Seminal Punk Rocker Mike Watt Keeps it Econo-lined 

Watt does 51 stops in 52 days

Seminal bassist Mike Watt doesn't avoid the big questions in his songwriting. In fact, he begins his most recent release, Hyphenated-Man (Clenchedwrench), with one: "Now what came first, the thought or the man?"

At 53, Watt is using his Ford Econoline 350 van, which he calls his "boat," to carve a counterclockwise ellipse through North America from Southern California to the East Coast, through Canada and back down the West Coast. Joined by the Missing Men, he's making 51 tour stops in 52 days--including one in Boise on Sunday, April 24--hobbling on a bad knee and nursing a sore throat, making daily entries in his online tour diary, practicing English with his Japanese friend Eiko-San via Skype, and displaying earnest good-naturedness in phone interviews--sometimes several in a day--along the way. Watt could be called the hardest working man in punk rock if it didn't seem like such an insincere cliche.

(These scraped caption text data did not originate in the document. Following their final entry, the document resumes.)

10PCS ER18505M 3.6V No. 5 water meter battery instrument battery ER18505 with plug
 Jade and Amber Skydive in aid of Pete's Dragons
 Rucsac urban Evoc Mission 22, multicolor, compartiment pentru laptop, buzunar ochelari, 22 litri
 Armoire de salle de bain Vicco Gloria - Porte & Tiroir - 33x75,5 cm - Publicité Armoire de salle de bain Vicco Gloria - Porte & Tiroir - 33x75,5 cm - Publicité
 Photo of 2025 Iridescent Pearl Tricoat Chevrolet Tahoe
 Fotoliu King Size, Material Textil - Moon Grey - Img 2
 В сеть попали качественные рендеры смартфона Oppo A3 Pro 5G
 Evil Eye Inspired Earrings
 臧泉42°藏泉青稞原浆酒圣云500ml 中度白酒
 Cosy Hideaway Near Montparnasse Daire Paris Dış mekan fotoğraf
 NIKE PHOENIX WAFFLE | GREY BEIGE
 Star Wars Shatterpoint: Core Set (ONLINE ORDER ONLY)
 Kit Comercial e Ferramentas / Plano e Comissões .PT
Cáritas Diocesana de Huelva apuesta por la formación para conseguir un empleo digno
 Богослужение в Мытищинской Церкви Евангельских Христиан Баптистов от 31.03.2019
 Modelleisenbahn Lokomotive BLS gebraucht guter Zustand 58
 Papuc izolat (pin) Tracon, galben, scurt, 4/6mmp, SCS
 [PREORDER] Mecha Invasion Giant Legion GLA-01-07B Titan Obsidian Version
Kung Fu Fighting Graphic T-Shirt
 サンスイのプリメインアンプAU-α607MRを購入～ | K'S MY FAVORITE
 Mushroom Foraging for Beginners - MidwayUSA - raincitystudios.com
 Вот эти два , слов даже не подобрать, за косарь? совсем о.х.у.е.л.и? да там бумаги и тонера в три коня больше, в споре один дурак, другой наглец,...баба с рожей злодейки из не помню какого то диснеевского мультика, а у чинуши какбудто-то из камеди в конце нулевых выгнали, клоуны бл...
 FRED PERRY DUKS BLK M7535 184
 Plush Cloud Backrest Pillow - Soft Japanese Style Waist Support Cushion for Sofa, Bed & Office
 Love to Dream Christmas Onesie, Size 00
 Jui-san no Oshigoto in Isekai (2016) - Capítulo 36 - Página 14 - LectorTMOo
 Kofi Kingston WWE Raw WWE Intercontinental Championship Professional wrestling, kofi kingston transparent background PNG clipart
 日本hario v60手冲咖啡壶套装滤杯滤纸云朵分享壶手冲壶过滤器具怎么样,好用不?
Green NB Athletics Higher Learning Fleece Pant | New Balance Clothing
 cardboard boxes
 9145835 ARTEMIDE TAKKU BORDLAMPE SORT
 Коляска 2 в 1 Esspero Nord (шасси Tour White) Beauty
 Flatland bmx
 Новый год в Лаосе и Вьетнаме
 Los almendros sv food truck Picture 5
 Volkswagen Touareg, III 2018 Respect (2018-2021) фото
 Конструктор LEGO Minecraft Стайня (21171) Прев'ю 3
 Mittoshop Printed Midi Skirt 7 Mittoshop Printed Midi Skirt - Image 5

"Boise is really happening for touring because it's between Salt Lake City and the Northwest," Watt said, with the shrewdness of someone who has been touring for decades--he has an impressive punk rock resume and was awarded the Bass Player Magazine Liftetime Achievement Award in 2008.

Watt and his childhood friend D. Boon formed the Minutemen, an apropos name given that band was all about economy: fast songs, inexpensive recording, touring for short periods of time. The iconic, iconoclastic trio became one of the most influential punk bands of the '80s. After Boon died in an auto accident, Watt played with several other bands, including Firehose, Dos and Porno for Pyros. He's recently been providing bass for Iggy and the Stooges and will kick off another tour with them at the end of May.

Watt speaks--and writes in his tour diary--with a dialect and lexicon that seem all his own. Its myriad components include nautical terms gleaned as the son of a Navy sailor, as well as fragments of other languages.

"What I want to do [with the diary] is try and make things so it seems casual," he said.

Others sleep and wake up, but Watt konks and pops. Others arrive and leave, but he drops anchor and pulls up anchor. In Watt's universe, 8:30 is eight and a half bells. And if he feels ashamed of his behavior, he might call himself a baka (idiot).

Watt's diary entries typically begin with waking up and end with konking on a couch somewhere. In between, he's likely to mention driving the van, people he met, food he ate, local spots he enjoyed, how the concert went and whatever else may be rattling around in his head. A recent topic is concern for Japanese earthquake victims.

"What I'm trying to do with the diaries is get people interested in having first-hand experiences for themselves--not like mine are so special, but there's not one way to have them," Watt said. "Everybody's got their own way."

Watt's own way is through sprawling rock records that tell their own stories.

"I have stuff to say, and I can't do it in one song, so I have to make a big song," Watt said of Hyphenated-Man, his fourth solo release or what he calls his third opera.

His first opera, Contemplating the Engine Room, drew a parallel between the Navy life of his father and his own tenure as a member of the Minutemen. His second, The Secondman's Middle Stand, describes his struggle with an abscess that nearly killed him, and references Dante's Divine Comedy.

To Watt a concept album is "all this stuff around one idea."

"An opera is actually beginning, middle and end--a story," he said. And for the last couple decades, Watt's operas have been moving inward.

Hyphenated-Man is all about introspection. It's Watt trying to confront himself with what it's all about. He said it's what you'd see if you took a mirror, broke it into 30 pieces and stuck it right in his head. It's a fast moving, ferocious record, with only two of the songs breaking the two-minute mark. The titles of all 30 songs originated from "creatures" out of the works of 15th century painter Hieronymus Bosch. He first saw these paintings as a boy in a World Book Encyclopedia.

"They freaked me out," Watt said. "I was into dinosaurs and astronauts, too. They just seemed out of this world."

Many of the "men" featured in Watt's music came from The Garden of Earthly Delights, a busy painting with various surreal depictions of majesty, torment and human mutilation. Watt uses the men as metaphors that speak about, what he described as, being a middle-aged punk rocker--about bein' Mike Watt in his 50s.

Though he wants people to bring their own meanings to the songs, he did offer a few of his own. For instance "Thistle-Headed-Man" describes consequences of not being humble, while "Mouse-Headed-Man" speaks of the times when "you're a little too modest," Watt said.

A performance in a different city every day is ambitious to the point of absurdity.

"Well, Canada and the U.S. are big lands," Watt said. "I'm still missing some towns! But what could I do?"

It's all part of his "jam econo" philosophy, a word inspired by the model of his boat. Jamming econo is hard to pin down, but it has to do with good-natured practicality, moderation and staying true and focused on the music and the people. To Watt, jamming econo is carting four others and their equipment around the country in his well-maintained boat, taking care of himself, konking on friendly peoples' couches, and still finding time to enjoy the little things.